Alarming health indicators expose systemic gaps: PMA
On World Health Day, the association flags underinvestment, inequities in Pakistan’s healthcare system
IV Report
KARACHI: Marking World Health Day on
Tuesday (April 7), the Pakistan Medical Association (PMA) warned that
Pakistan’s health indicators remain well below even the minimum benchmarks for
developing countries, urging an urgent, science-led overhaul of public health
policy and spending priorities.
In
a statement aligned with the World Health Organisation (WHO) theme “Together
for Health: Stand with Science,” Dr Abdul Ghafoor Shoro, PMA secretary general,
said the country was entering the global observance amid a “deepening,
multi-layered health crisis” driven by chronic underinvestment, weak governance
and widening inequities in access to care. He regretted that public health
needs continued to be overshadowed by non-essential expenditures, leaving critical
infrastructure and services underfunded.
Citing data from the World Bank, WHO
and UNICEF, the PMA highlighted a series of alarming indicators to illustrate
the scale of the crisis. Pakistan, it noted, now carries one of the world’s
heaviest diabetes burdens, affecting an estimated 34.5 million adults, with
severe complications including thousands of amputations each year. Cardiovascular
diseases account for roughly a quarter of all deaths, exacerbated by high
tobacco use and limited cardiac care facilities, particularly in rural areas.

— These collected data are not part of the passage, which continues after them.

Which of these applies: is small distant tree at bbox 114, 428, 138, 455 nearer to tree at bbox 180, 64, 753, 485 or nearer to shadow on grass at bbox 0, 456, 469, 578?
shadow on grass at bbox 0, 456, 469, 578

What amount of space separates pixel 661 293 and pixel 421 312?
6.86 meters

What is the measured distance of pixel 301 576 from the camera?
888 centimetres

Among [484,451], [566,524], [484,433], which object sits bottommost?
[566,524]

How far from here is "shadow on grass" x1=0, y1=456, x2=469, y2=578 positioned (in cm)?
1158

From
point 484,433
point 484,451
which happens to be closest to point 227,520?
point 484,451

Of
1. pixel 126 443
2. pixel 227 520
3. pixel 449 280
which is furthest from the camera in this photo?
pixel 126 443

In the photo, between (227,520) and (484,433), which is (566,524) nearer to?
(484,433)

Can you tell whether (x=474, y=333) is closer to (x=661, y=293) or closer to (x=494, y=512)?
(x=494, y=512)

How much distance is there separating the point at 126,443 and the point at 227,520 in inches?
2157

Maternal and child health outcomes also remain dire, with hundreds of preventable deaths reported daily. Pakistan continues to be among the last countries where wild poliovirus remains endemic, while the burden of hepatitis C and tuberculosis remains among the highest globally and regionally. The PMA further pointed to a sharp rise in HIV-related deaths, including increasing paediatric cases, alongside persistently high levels of child stunting and mortality linked to unsafe water and poor sanitation.

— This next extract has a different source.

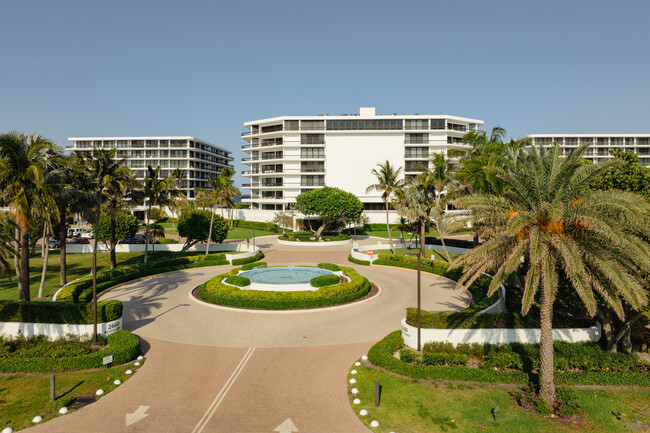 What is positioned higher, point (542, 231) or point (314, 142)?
point (314, 142)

The situation is compounded by
systemic challenges, including low public health spending — effectively under
one per cent of GDP — and a growing “brain drain” of medical professionals. Dr
Shoro noted that thousands of doctors left the country in 2025 alone, further
straining an already fragile healthcare system. He also warned that
climate-related risks, particularly intensifying heatwaves, are beginning to
affect reproductive health outcomes.
Calling for immediate corrective
measures, the PMA urged the government to raise health spending to at least
five per cent of GDP with strict accountability mechanisms, expand primary and
preventive care services, strengthen immunisation programmes, and implement
safe water and sanitation standards.
“Unless policy decisions are guided by scientific evidence and public health priorities, Pakistan risks falling further behind in its commitment to universal health coverage,” Dr Shoro said, calling on federal and provincial authorities to act decisively to safeguard the population’s health.